I tell people all the time that I have the best job in the world. I know, we all hear different versions of this. Different people have different types of work, and many claim to love it. But I mean it. Really mean it. (Not that others don’t, mind, but I don’t think all of them do.) When I am at my appraisal table, I meet gazillions of people, get to see their quilts, and I hear so many stories. The scenery is ever-changing, and always interesting.
I see a lot of similar quilts, it’s true. When a specific pattern is especially popular, I will see a bunch of of quilts out of it over several shows. Then the next pattern becomes more popular. Sometimes, though, there are “trends” even among vintage and antique quilts.

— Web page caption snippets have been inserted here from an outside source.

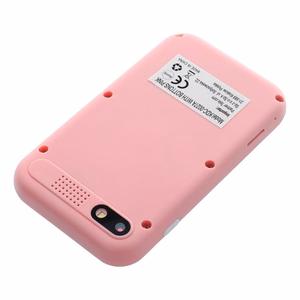 Mängukonsool lastele IPS-ekraaniga 2,4" nuppudega KDC-0027A roosa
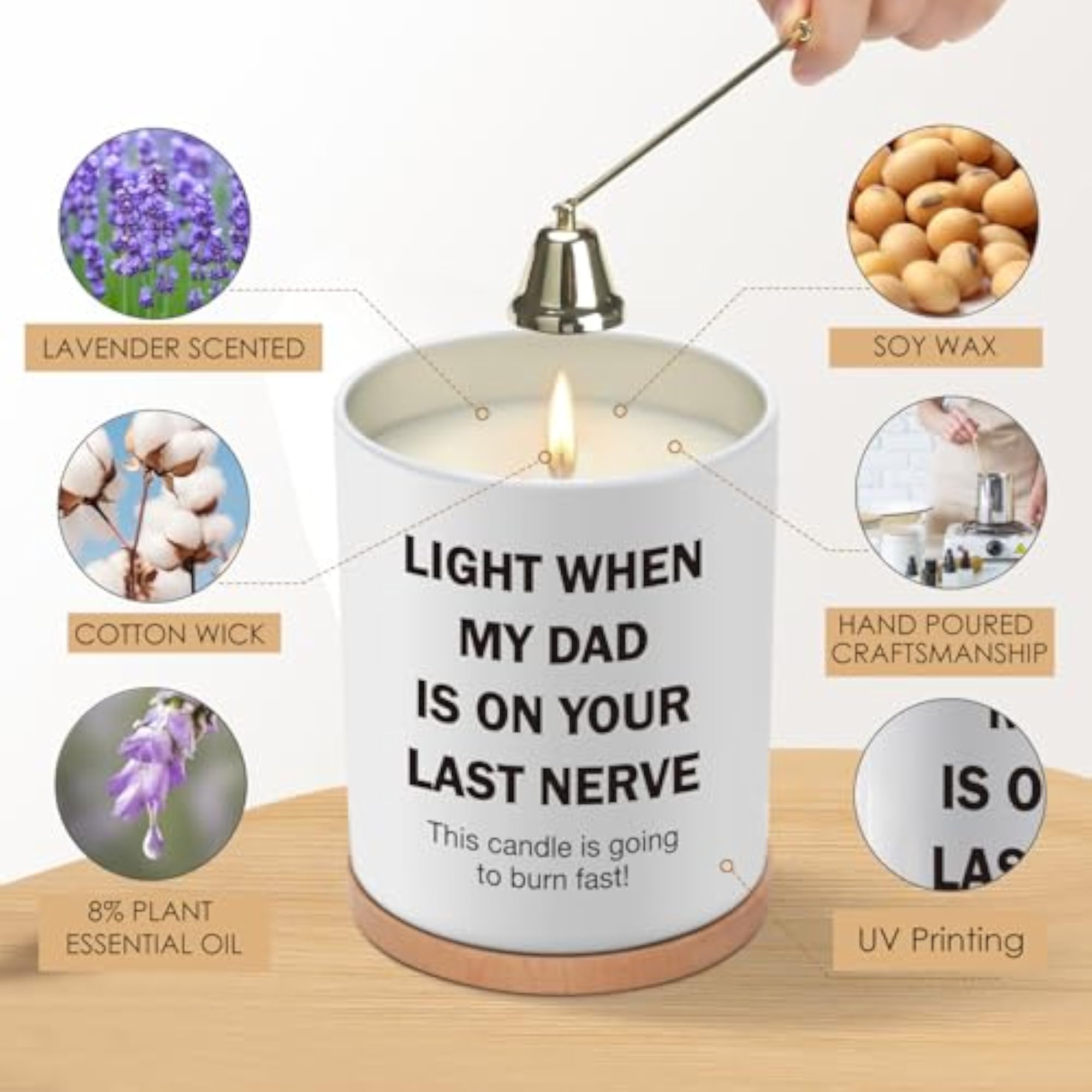 Funny Lavender Candle Gift for Stepmom, 10oz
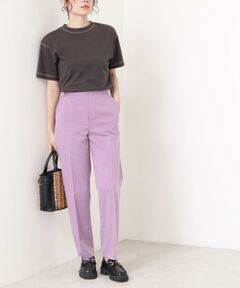 センタープレスストレートパンツ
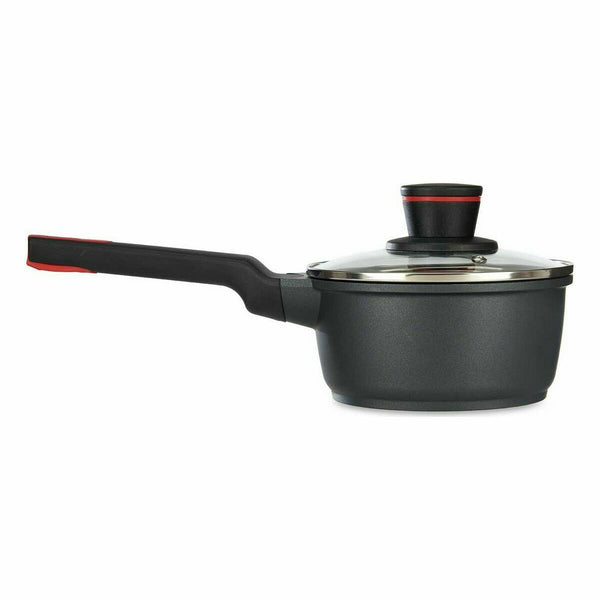 Casseruola con Coperchio Kinvara 77782 Nero Alluminio Bachelite Ø 16 cm (6 Unità) - Augustea Shop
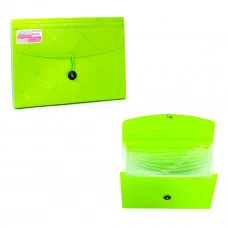 Папка-картотека на резинке и пуговице Sahand, A4, 328*235*30, 12 отделений, ассорти, матовая, "Diamond" 0574D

I might see an inordinate number of crazy quilts one weekend, or what feels like nothing but Grandmother’s Flower Garden quilts another. Now, it is true that there are a lot of both of those style quilts around, so seeing a lot of either isn’t a huge surprise. But out of twenty (just to give a number), I might see fifteen of one style on a given weekend. I have no idea why this is, but it’s kind of funny.
Sometimes, though, I get to see more unusual pieces. That is always fun. It thrills me to see a quilt that shows a particular maker’s personality, or his or her decision to do things a little differently. This holds true whether the quilt in question is new or old.
This past weekend, a lady brought me a quilt for which she said she’d never been able to find a pattern name. I recognized the pattern as “My Graduation Class Ring,” immediately, since I’ve seen it before, but there was something just a little unusual about it. (By the way, “My Graduation Class Ring” was published in the Kansas City Star on April 3, 1935, just in case you wondered.) Take a look at the photos below (posted with permission) and see if you can tell what is so different about this one:
Here is a photo of one done traditionally:
I’ll bet you can see it now, right? True, the green arcs in the first one vary, but that’s not it. That isn’t terribly unusual in a quilt as scrappy as this one. It’s the addition of the blue alternate blocks that really makes all the difference.
This was no novice piecer, I don’t think. Rather than applique her circles onto a plain ground, she stitched them into a pieced ground. Cool stuff, huh?
Below is a photo of the original quilt pattern as published (I took this off of eBay since I couldn’t find the pattern in my own collection). You can also see a diagram of it at #4267 in the Brackman encyclopedia (at left). You can see that the pattern is sort of a Double-Wedding-Ring-meets-Dresden-Plate idea, right? At least to my eyes it is, with the funny curvy bits a la French Star. I really love the pattern but will probably not be making it any time soon.
You probably already know that I am not much for following patterns. I did that for years and year and got bored with it, and now I just play along until I think of another way to do things. How about you? Do you mess around with patterns to create your own version of things?